Akbari argued that – from a pedagogical point of view – the case for ELF raises more questions than it answers. For a start, if you remove or otherwise discredit inner circle norms on the grounds that they are no longer relevant, by whose standards are learners to be judged? If the standards are those of other (successful) ELF users, what qualifies as success,  and where are these standards codified? And what kind of pedagogy should you adopt? How, for example, would you model pronunciation? Finally, how do you deal with the expectations – and aspirations – of both teachers and learners, who may well feel disempowered if the goal-posts are shifted? For Akbari (and many others, I suspect) ELF is all theory and no praxis.

Of course, in one sense the problem goes away if you re-construe the goals of instruction as being those that are defined by the learner and driven by the learner’s needs, rather than being predetermined by the curriculum designer or the coursebook writer.   If you take an ESP approach, for example, and, start off by identifying the kinds of contexts the learner is going to operate in, with whom and for what purposes, using what kinds of texts and registers, at what degree of intelligibility, in combination with what other languages, and employing what kinds of skills and strategies, you don’t have to label the goals as EFL, ESL, ESP, ELF or EIL – or anything! Leave the labelling to the sociolinguists!
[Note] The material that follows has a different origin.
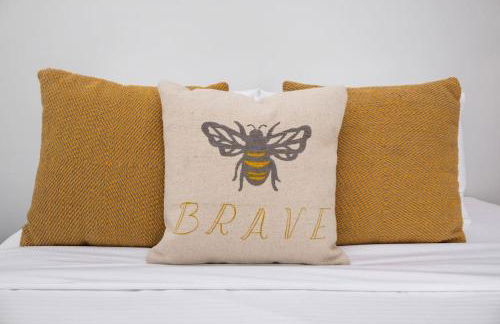 Deluxe 6 Bedroom 3 Min to Downtown w 2-car Driveway - Foto 28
You say tomahto, I say tomayto...

Put another way, if we devoted more time and energy to teaching the learner, and less to teaching the language, we might be better off.

It is the learner, in the end, who must decide what code best serves his or her needs, and what is achievable in the available time and with the available resources. For most learners, the arguments as to what constitutes the global variety are academic. As an article in a recent TESOL Quarterly put it, “To learners in developing, resource-poor EFL settings especially, it matters very little who says tomahto and who says tomayto.  Knowing the word tomato is achievement enough” (Bruthiaux, 2010, p. 368).

Reference:

Bruthiaux, P.  2010.  World Englishes and the classroom: an EFL perspective.  TESOL Quarterly, 44/2, p.368).